そもそも、エステル原糸のボビンワインダーで不良糸が出ること自体が問題のハズです。
客先も色々と、考慮しての結論だと思いますが、撚りを掛ける前に不良個所を取り除きたいとの事です。

それにしても、160錘プラス80錘は多すぎます。事故糸は仕事糸の0コンマ何パーセントかと推測されるが、
どこに「事故糸」があるか解りません。作業の中で、事故糸がなければ「良し」とする作戦です。

「多い」と言ったのは、部品供給が極めて難しいからです。まず、光電式装置は中古在庫が揃う訳もなく
新規設備となれば、百万単位で何ヶ月待ちとなります。この何ヶ月待ちが、待てるはずもない事項です。


勧めたのは、アナログ仕様の「スリット式節取りガイド」です。すき間を調整して取り付ければ
糸の太さ以上の箇所が通過する時、糸を引きちぎって?しまいます。事故糸だけを停止させます。

さっそくメーカー注文を掛けましたが、ここでも返事は「三ヶ月待ち」でした。
在庫が無く、製作依頼の納期でした。それに、新規価格がいくらになるか解らないとの事も。

次の対応は「仲間たちの力」です。「中古在庫として持っていないか?」の部品探し。
当然、240個も持っている業者はマレですので、北陸地区何軒かに声を掛けます。

20個30個50個50個と集まりましたが、タイプが微妙に違う、機台別・錘列別に振り分けるも、
「すき間調整」が大仕事、一個一個すき間ゲージを挟んで調整します。当然、取り付け金具も、取り付け
作業も、240錘必要となります。客先は焦っている様だが、そう簡単には進まない。


これと同じような相談も受けています。整経機にワキシング装置を付けられないか?との事です。
整経は400本、その一つ一つにワキシング装置が必要です。
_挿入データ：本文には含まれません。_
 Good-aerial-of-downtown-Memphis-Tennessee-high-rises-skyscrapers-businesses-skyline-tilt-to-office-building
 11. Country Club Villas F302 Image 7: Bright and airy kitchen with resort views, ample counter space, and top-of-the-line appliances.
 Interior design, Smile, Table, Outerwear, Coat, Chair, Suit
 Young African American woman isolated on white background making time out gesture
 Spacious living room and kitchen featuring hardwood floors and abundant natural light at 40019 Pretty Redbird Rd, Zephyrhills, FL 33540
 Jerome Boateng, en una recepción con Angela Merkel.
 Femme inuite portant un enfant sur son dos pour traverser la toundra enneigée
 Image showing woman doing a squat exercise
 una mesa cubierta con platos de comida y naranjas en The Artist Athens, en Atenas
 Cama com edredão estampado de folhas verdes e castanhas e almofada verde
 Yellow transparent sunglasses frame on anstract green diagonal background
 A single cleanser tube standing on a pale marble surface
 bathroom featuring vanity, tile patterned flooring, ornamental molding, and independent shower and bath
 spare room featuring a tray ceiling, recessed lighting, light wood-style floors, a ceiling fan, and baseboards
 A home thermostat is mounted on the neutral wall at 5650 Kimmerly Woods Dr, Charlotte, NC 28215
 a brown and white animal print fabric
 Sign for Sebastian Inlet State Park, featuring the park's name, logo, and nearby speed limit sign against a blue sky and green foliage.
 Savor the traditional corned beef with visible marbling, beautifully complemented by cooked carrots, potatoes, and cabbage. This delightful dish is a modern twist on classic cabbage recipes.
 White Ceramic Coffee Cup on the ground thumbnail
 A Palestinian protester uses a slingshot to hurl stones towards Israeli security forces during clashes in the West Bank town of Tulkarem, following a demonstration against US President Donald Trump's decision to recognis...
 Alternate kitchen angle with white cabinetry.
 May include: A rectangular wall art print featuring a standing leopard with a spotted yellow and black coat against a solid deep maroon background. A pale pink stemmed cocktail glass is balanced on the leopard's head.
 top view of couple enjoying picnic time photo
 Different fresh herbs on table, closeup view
ダブルテンションを利用すれば、
付けられない事もないが、装置400個はメーカ品・中古を含め、調達するのは無理と感じます。

その為には、新たな図面をひいて、製作依頼するのが良いかとも思います。
しかし、ものづくりのは、すべて仕様ポイントというものがあります。効果、使いやすさ、各メーカーが
試行錯誤しながら、開発してきました。ただワックスが回転するだけの装置では、ありません。

気がかりなのは、停止時の惰性回転が発生すると考えられる。糸のたるみ又は絡みが発生する。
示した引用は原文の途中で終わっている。